Screen printing apparatuses are known for applying a material (e.g. a conductive paste) on the surface of a substrate (e.g. a print tape) to form a particular printing pattern defined by a screen mask or mesh. Typically, a squeegee is pulled across the top surface of a screen mask and pushes the material applied on the screen mask passes through the pattern holes of the screen mask onto the surface of a substrate positioned below the screen mask. It is a known problem that each time a new substrate is positioned at the printing position or a new screen mask is installed in the printing apparatus, the substrate and the screen mask may not in a perfect alignment and thus resulted in an imprecise printing pattern on the substrate. Therefore, if a high printing accuracy is desired, the position of the substrate or the screen mask has to be corrected before the printing process so that the substrate and the screen mask are aligned with each other.

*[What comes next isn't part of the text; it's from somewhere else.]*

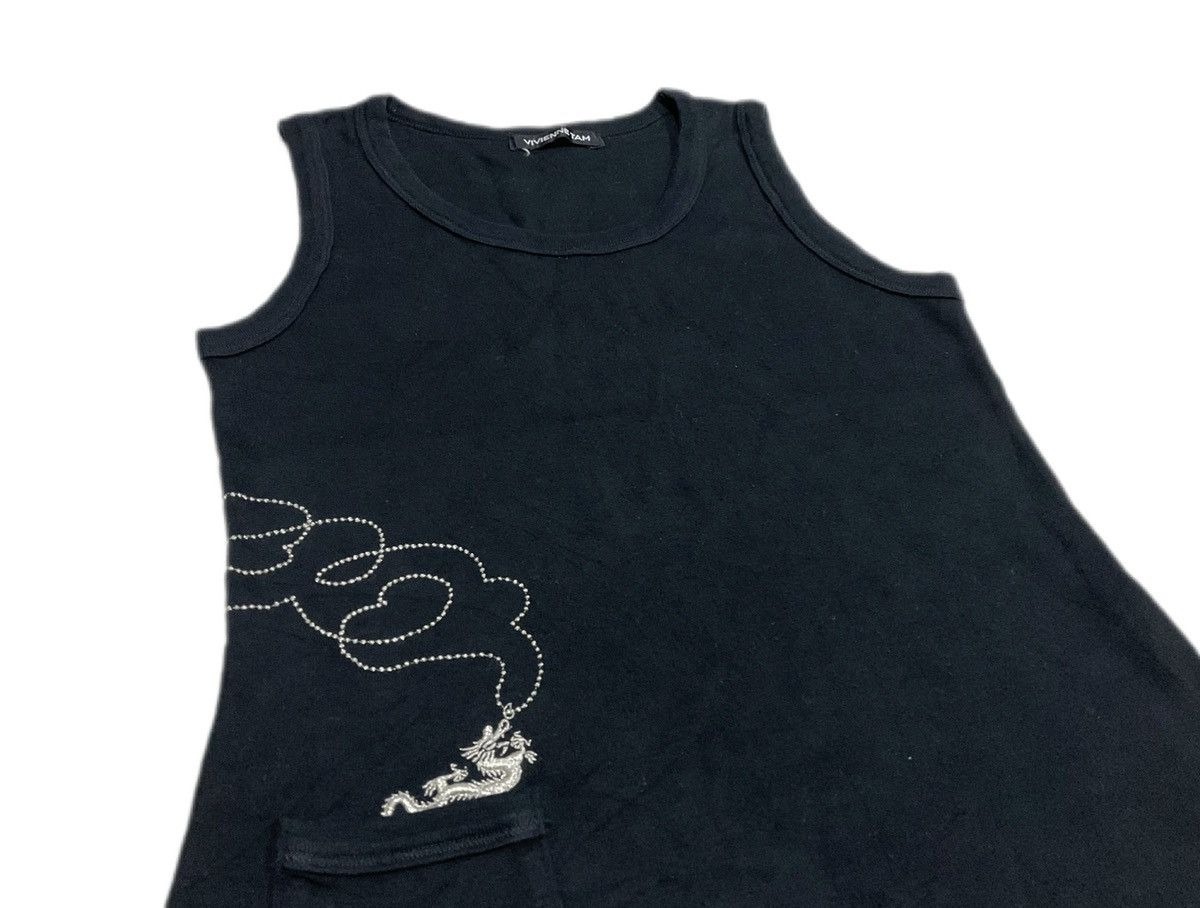 Designer × Japanese Brand 🔥Vintage Vivienne Tam Tank Top Dragon Necklace Embroidered Size US XS / EU 42 / 0 - 1 Thumbnail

Many alignment methods have been introduced to improve the printing accuracy and throughput. For example, some recognisable markings are printed on the substrate or the screen mask for facilitating the alignment process. The locations of the markings are measured and compared with an expected location so that positional error can be determined and corrected. Many alignment methods are meant for large scale printing systems and hence their methods are complicated and costly to implement. Although there are simpler alignment methods which can be performed semi-auto or manually, these methods are mostly less accurate and hence not desirable.
Therefore, those skilled in art are constantly striving to devise an alignment method for a screen printing system which is simple and able to provide a high printing accuracy.